"""NISRA Disease Prevalence Module.
Provides access to Northern Ireland's disease prevalence statistics from
GP clinical disease registers (Quality & Outcomes Framework, QOF).
Data are released annually after National Prevalence Day.
Data Coverage:
- Financial years 2017/18 to present (extended annually)

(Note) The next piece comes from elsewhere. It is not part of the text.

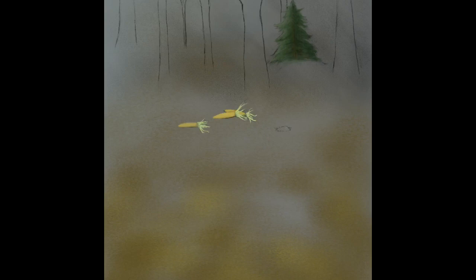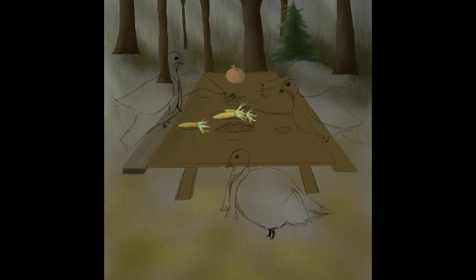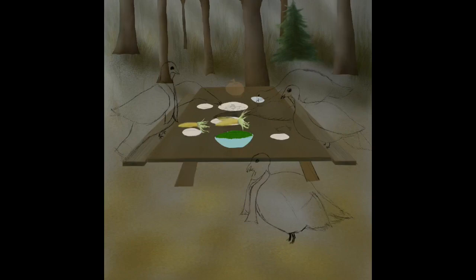Everything on Procreate can be built on layers. Where all the turkeys disappeared and the picnic table disappeared and reappeared — those are layers. I'm making them transparent so I can see more of what would happen in the background.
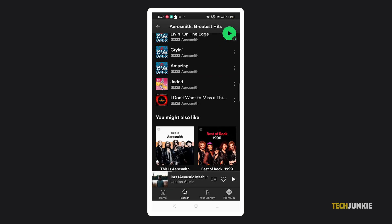As of recording, Spotify's mobile app doesn't have a feature to add multiple songs to a playlist at once.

- NI-level: registered patients per disease register and prevalence
per 1,000 patients
- By Local Government District (LGD): same metrics per council
- By HSC Trust: same metrics per Trust
- By GP practice (Table 5, Excel): ~305–360 practices, 2009/10 to present
Disease Registers (17):
Asthma, Atrial Fibrillation, Cancer, Chronic Kidney Disease,
Chronic Obstructive Pulmonary Disease, Coronary Heart Disease,
Dementia, Depression, Diabetes Mellitus, Heart Failure 1,
Heart Failure 3, Hypertension, Mental Health,
Non-Diabetic Hyperglycaemia, Osteoporosis, Rheumatoid Arthritis,
Stroke & TIA
Data sources:
PxStat (NI / LGD / HSCT levels):
DISPREVNI, DISPREVLGD, DISPREVHSCT matrices
Excel workbook (GP-practice level — not in PxStat):
https://www.health-ni.gov.uk/topics/health-statistics/disease-prevalence
Update Frequency:
Annual, approximately May of the following calendar year.
Example:
>>> from bolster.data_sources.nisra import disease_prevalence as dp
>>> df = dp.get_latest_disease_prevalence()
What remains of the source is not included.